Futuro in bilico: 2 italiani su 3 senza previdenza complementare
28 nov 2025 | 2 min di lettura

Nel 2007, il cosiddetto “semestre di silenzio-assenso”, coinvolse più di 5 milioni di dipendenti del settore privato e portò ad un aumento di oltre il 63% nel numero degli iscritti ai fondi pensione negoziali. Oggi, a più di 18 anni di distanza, la previdenza complementare (dai Pip alle assicurazioni fino ai fondi) fatica ancora a imporsi in Italia.
Analizzando un campione rappresentativo di cittadini in età lavorativa, l’Osservatorio Moneyfarm ha calcolato che, degli oltre 31,4 milioni di italiani nati tra il 1961 e il 2000, solo il 37% (con una quota che scende al 23,7% tra gli autonomi) dispone di un fondo pensione, mentre il restante 63% risulta occupato senza forme di previdenza complementare oppure inoccupato.

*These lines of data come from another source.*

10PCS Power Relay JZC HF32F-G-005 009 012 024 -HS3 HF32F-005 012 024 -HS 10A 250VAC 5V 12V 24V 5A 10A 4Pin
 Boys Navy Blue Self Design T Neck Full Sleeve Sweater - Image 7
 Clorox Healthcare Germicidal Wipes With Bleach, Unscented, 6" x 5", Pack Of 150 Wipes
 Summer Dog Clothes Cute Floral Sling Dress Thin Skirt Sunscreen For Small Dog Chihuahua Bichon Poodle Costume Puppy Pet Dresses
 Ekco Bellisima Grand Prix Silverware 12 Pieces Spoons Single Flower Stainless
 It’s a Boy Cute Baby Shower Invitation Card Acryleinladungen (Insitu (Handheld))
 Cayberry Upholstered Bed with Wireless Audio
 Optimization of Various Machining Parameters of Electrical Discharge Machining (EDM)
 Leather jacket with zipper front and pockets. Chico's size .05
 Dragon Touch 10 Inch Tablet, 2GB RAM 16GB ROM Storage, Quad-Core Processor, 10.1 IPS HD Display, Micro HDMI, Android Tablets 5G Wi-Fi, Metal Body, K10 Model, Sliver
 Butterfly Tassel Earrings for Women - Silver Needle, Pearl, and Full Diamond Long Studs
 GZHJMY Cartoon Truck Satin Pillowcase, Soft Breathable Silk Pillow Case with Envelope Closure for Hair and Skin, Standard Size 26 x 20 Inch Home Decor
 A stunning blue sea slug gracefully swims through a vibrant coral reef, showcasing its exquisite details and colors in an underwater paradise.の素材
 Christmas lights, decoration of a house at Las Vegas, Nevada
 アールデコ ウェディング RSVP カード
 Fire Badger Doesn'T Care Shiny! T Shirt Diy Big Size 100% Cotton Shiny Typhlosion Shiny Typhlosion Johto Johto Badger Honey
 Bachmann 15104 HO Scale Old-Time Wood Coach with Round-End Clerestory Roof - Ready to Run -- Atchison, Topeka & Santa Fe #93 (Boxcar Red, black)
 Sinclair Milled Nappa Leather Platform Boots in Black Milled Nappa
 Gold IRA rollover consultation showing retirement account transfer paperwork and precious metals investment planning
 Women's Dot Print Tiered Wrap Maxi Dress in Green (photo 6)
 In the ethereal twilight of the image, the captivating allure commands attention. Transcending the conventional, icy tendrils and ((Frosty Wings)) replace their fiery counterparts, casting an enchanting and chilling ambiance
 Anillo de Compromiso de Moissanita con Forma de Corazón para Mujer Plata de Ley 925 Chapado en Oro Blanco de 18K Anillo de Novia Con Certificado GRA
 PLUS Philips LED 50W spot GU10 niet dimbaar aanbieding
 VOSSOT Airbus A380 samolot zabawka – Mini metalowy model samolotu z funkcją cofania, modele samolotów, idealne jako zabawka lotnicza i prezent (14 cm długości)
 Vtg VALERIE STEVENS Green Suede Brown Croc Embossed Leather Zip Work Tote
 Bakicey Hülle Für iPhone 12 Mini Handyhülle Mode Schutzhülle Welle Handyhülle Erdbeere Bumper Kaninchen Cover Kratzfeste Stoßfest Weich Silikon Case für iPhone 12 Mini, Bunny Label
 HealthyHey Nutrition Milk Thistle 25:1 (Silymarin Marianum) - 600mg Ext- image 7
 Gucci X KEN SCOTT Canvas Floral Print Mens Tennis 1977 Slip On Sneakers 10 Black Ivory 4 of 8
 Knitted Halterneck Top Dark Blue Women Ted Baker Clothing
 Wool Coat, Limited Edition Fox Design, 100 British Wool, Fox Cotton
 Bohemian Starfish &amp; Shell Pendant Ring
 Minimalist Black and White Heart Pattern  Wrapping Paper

A livello territoriale, con l’eccezione virtuosa del Trentino-Alto Adige, dove il tasso di adesione alla previdenza integrativa tra i 25 e i 64 anni sfiora il 63%, nessun’altra regione supera la soglia del 50% di lavoratori iscritti a un fondo pensione. In coda alla classifica si trovano Campania e Sicilia, con tassi di adesione rispettivamente del 28,5% e del 28,9%.
Le potenzialità del TFR
Anche l’impiego del TFR come strumento di investimento previdenziale è limitato: tra il 2007 e il 2024 soltanto il 23,8% del TFR generato dalle imprese italiane è stato destinato a forme di previdenza integrativa. Il resto è rimasto nelle aziende (234 miliardi di euro) o è confluito nel Fondo di Tesoreria INPS, che raccoglie il TFR delle aziende con più di 50 dipendenti (105 miliardi).
Nonostante le resistenze, il Trattamento di Fine Rapporto continua a rappresentare quasi la metà della raccolta complessiva dei fondi pensione (42,5%), confermando come il suo conferimento possa essere una delle principali leve di crescita per la previdenza complementare.
Il divario di genere
Un altro tema rilevante è la disparità di genere. Solo il 39% degli iscritti ai fondi pensione è donna. Un divario deriva anche dalle differenze occupazionali. Tra i 20 e i 64 anni, infatti, le donne registrano un tasso di occupazione (58,1%) di 19 punti percentuali inferiore rispetto agli uomini (77,3%). Una distanza che inevitabilmente si riflette anche sulla partecipazione alla previdenza integrativa.
La situazione migliore è per gli uomini di età compresa tra i 55 e i 64 anni, dove quasi la metà (48%) ha sottoscritto un fondo pensione, contro il 42% delle coetanee donne. All’estremo opposto, la situazione più critica riguarda le giovani donne tra i 25 e i 34 anni: in questa fascia il tasso di adesione crolla al 25,5%, a fronte del 33,2% dei coetanei uomini.